Eu acho que sim, não só por causa dos infográficos. No Brasil, a gente tem a questão da televisão. A nível mundial, a gente tem uma questão que é o surgimento da internet. Ela torna a transmissão de informação mais picotada, ela tem um apelo visual muito forte, até porque você tem mais informação e ela é mais picotada. A internet usa muito a imagem para chamar a atenção do leitor. O seu olho navega na tela do computador, ele navega em primeiro lugar pelos desenhos, pelas fotografias – tem site que tem fotografias pequenas para cada uma das matérias. Então sim, acho que isso já é uma condição do mundo contemporâneo. Acho que os designers, os infografistas, eles estão inseridos nesse contexto, vivem e se inspiram nisso. Então, eles têm que ficar expostos a esse mundo. Eles têm que atender a um público que está começando a ficar acostumado com esse tipo de linguagem.
No seu site, você escreveu que “os melhores resultados costumam ser fruto de processos profundos e enriquecedores para todos os envolvidos”. Como é possível chegar a esses processos na correria da redação – principalmente levando em conta que agora o trabalho duplica ou triplica com o impresso e o digital?
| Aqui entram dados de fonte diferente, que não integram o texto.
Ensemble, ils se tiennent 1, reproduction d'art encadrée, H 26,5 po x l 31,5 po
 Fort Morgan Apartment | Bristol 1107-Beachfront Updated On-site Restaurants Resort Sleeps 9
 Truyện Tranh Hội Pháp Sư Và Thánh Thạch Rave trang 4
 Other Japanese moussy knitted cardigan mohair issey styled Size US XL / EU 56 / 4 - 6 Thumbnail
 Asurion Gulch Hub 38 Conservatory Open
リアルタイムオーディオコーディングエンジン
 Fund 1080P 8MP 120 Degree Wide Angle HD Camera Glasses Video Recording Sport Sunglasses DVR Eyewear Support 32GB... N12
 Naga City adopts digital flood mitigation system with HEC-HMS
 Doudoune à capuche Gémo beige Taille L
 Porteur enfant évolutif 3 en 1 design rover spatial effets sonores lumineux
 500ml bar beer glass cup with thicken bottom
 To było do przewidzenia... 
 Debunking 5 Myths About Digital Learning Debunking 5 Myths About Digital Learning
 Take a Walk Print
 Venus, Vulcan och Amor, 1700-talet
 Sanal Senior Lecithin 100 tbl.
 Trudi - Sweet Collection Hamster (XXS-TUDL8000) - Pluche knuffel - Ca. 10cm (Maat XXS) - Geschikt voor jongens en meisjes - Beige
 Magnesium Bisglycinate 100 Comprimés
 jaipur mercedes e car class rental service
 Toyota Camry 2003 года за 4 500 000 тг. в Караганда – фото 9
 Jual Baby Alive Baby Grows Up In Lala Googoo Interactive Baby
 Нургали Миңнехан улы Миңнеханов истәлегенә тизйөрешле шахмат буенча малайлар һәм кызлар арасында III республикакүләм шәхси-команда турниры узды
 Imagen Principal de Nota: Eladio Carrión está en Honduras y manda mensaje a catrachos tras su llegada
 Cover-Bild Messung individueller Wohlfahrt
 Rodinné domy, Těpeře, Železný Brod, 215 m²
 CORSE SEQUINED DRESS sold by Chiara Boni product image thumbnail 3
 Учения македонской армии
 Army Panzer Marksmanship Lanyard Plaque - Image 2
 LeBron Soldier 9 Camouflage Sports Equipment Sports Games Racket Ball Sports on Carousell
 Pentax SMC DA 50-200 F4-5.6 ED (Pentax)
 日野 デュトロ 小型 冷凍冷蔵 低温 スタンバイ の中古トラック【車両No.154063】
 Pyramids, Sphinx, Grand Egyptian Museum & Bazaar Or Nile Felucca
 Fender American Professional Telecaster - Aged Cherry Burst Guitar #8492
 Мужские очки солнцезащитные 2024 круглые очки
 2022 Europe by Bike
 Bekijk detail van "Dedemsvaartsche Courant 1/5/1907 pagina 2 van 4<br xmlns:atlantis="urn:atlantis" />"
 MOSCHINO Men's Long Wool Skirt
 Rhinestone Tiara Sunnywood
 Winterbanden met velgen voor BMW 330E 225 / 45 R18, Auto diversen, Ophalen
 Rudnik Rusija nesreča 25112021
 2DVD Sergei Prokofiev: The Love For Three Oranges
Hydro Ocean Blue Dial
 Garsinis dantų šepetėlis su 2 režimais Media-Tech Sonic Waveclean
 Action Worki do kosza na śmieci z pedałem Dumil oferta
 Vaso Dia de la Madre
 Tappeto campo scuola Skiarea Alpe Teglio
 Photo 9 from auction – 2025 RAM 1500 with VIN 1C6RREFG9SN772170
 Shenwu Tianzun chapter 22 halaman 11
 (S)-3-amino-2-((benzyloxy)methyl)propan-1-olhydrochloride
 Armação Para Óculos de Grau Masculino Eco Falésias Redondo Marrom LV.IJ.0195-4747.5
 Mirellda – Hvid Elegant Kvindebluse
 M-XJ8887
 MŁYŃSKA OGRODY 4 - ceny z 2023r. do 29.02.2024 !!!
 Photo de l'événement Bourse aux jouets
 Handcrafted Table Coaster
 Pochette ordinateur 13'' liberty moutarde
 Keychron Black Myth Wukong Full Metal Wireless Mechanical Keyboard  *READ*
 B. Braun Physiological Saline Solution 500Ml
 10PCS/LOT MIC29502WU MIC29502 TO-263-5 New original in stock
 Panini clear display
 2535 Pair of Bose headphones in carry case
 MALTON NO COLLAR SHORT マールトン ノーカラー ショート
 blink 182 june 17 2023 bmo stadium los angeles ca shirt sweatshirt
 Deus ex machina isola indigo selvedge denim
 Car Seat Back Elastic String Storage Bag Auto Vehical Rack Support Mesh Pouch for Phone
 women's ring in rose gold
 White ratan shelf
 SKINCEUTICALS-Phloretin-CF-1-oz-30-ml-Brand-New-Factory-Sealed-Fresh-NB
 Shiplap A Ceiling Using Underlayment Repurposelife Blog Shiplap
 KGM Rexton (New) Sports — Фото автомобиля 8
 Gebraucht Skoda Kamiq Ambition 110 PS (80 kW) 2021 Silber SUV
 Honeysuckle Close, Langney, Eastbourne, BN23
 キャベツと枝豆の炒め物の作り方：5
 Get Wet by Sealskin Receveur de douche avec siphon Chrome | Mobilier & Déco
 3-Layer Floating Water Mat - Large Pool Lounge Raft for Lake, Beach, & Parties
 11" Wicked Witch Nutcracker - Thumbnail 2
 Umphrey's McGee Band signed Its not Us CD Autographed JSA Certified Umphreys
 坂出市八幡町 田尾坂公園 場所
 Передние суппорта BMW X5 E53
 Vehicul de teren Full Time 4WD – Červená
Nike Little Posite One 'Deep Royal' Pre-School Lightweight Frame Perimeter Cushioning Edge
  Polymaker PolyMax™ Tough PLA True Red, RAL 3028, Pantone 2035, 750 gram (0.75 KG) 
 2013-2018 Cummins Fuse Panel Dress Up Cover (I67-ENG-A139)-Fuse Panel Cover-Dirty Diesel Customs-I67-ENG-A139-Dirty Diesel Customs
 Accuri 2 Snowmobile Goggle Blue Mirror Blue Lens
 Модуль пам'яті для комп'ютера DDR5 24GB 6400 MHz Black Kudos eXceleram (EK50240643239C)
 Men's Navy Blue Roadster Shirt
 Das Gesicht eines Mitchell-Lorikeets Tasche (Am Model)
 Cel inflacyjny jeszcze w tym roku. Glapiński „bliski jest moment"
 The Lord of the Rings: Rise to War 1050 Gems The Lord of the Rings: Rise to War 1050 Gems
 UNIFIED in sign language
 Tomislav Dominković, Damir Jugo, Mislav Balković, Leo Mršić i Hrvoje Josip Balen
Na minha cabeça, a melhor forma é a organização, no sentido de entender os processos de produção, se antecipar às notícias que estão acontecendo, ter material que permita que você não perca muito tempo desenhando. Quanto mais você consegue organizar um sistema que dê conta disso, mais tempo sobra para você parar e criar algo que seja diferente. É muito comum existir em redação - e eu acho que isso é a grande diferença de informação entre o designer e o jornalista (pelo menos essa é uma característica que eu observo hoje, em 2015, pode ser que isso mude): o designer é um cara formado em planejar coisas, ou seja: projetar. Pensar hoje o que eu vou ter durante o tempo que durar o projeto. O jornalista – até pela própria característica do jornalismo – ele pensa muito pela urgência. A notícia mais importante é a última que aconteceu. Por causa disso, ele gasta muita energia trabalhando com essa criação nova, e pouca energia pensando no que ele vai fazer amanhã, menos energia no que ele vai fazer na semana que vem, e quase nenhuma energia no que ele vai fazer no mês que vem, ou no ano que vem.
No seu portfolio no Visualoop, você escreveu: “não para construir, mas para desconstruir histórias em busca de fatos que podem ser úteis às pessoas”. Na sua opinião, os jornalistas compreendem essa função dos infografistas?
Tem aqueles que compreendem e os que não compreendem. Se a gente comparar com dez, 15 anos atrás, eu diria que há 15 anos 100% não compreendia. Pelo menos, 99,9%. Nesses últimos dez anos, já é uma área que você fala para as pessoas e elas não te olham achando que você cria robô, faz cirurgia de cérebro, ela já sabe do que se trata. Mas existem grandes diferenças – muitos jornalistas que acreditam que infográfico é uma coisa que, de fato, não é. Geralmente, é uma imagem de infográfico ligada só ao desenho. Não conseguem perceber a relação do desenho com a informação. Se eu não tiver informação sendo mostrada no gráfico, não é um infográfico. É uma ilustração. Não é nem melhor nem pior - mas é outra coisa.
A gente escuta muito que na internet não há as limitações de espaço que há no papel, mas com a popularização dos gadgets, as pessoas passam cada vez mais tempo com telas menores. Como você lida com o desafio de produzir infográficos para telas cada vez menores?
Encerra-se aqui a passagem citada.